Há pouco tempo estive com Eduardo Souto de Moura em um congresso
sobre Mies van der Rohe em Aquisgran. Além de visitarmos juntos a igreja
despojada de Rudolph Schwarz e a rica capela palacial de Carlomagno, falamos
muito de arquitetura e Souto, entre taças de Riesling, me dizia sorrindo que
éramos dos poucos que ainda seguíamos fiéis à linha reta e ao ângulo reto.
Concordei feliz, vindo o comentário de quem vinha.
Em meu último projeto, cuja construção recém iniciou, uma casa na
beira do mar em Zahara, o ângulo reto é tão reto e a caixa é tão caixa que ao
final será uma grande caixa de travertino romano embutida na areia da praia. E
cuja cobertura, um radical plano horizontal plano, é o protagonista principal
desse espaço, como um temenos onde os
deuses irão logo se reunir com os homens.
Porque ali, naquela praia de impenetrável formosura, a gravidade
segue sendo a gravidade de sempre, a das maçãs de Newton, que seguem caindo
verticais, descrevendo uma linha reta sempre perpendicular ao chão.

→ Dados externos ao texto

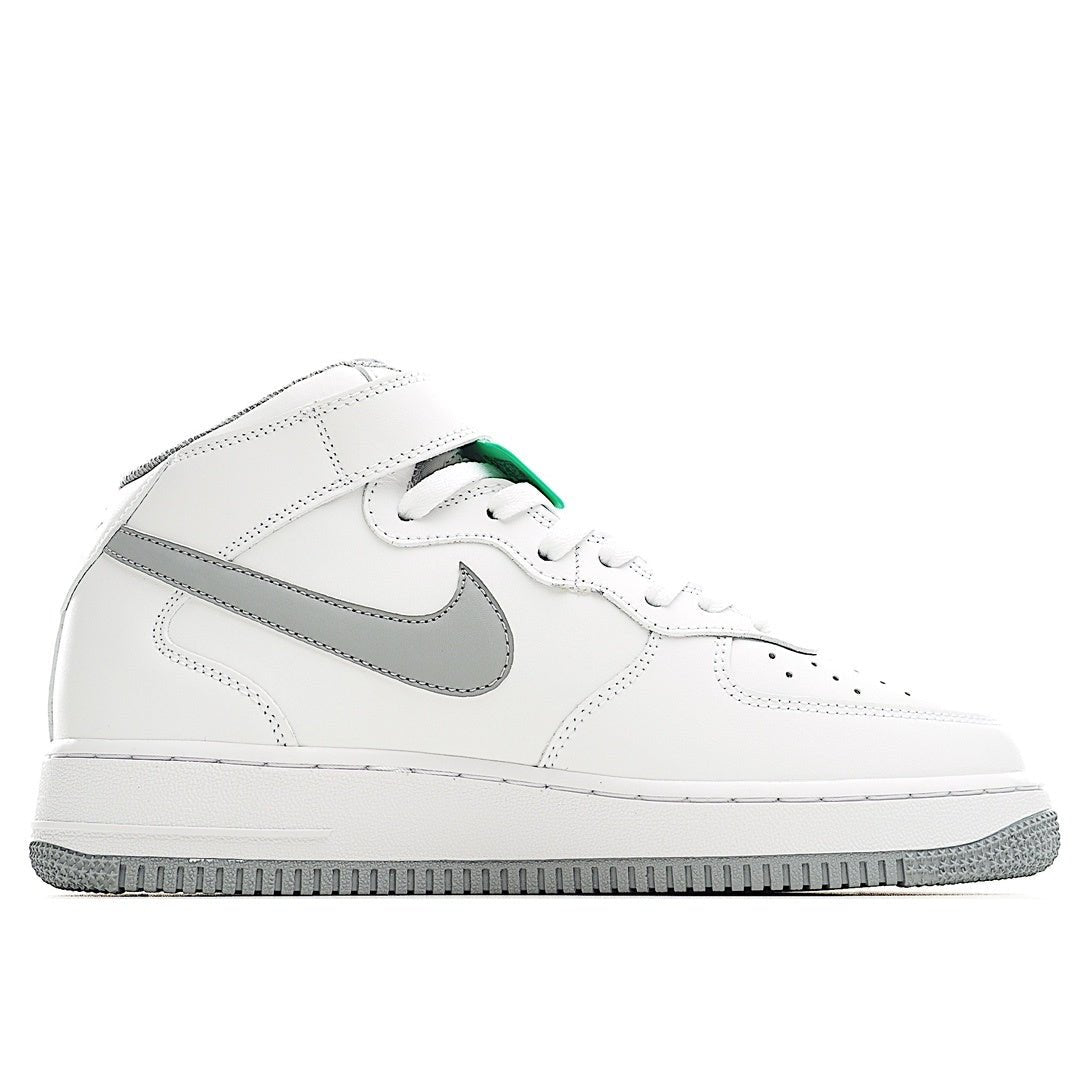 White leather sneaker with gray swoosh and green-trimmed collar accents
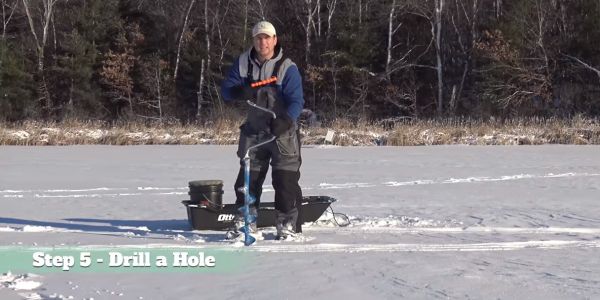 man holding ice fishing auger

E ali, naquele pedaço de paraíso, o horizonte segue sendo
horizontal. Tão horizontal como reto é o horizonte definido pelo Atlântico que
se oferece à nossa frente. Ali o plano horizontal se ajusta com exatidão à
definição do dicionário da Real Academia Espanhola que, curiosamente, se refere
à água parada.
O mesmo plano horizontal que Mies sempre construiu. Se ainda
estivesse entre nós, Mies felicitaria aqueles sábios norte-americanos não tanto
por descobrir a ortogonalidade fisiológica como por corroborar algo que para
ele, e para mim, é tão elementar como a ortogonalidade na arquitetura. Como não
podia ser menos. E que a menor distância entre dois pontos segue sendo a linha
reta. E porque as maçãs seguem caindo verticalmente, ortogonais ao plano
vertical do chão.
[1] O título original do texto é El Cerebro Escuadrado, que é um eficaz
jogo de palavras entre “escuadrado”, relativo a esquadro, e “es cuadrado”,
relativo a ser quadrado, usado no texto para referir-se ao cérebro, e que só
tem pleno sentido em espanhol. Em espanhol o que chamamos de esquadro é chamado
de escuadra e cartabón.
[2] Publicado em TC 112 - Alberto Campo Baeza. Arquitectura 2001- 2014,
General de Ediciones de Arquitecture: Valencia, 2014.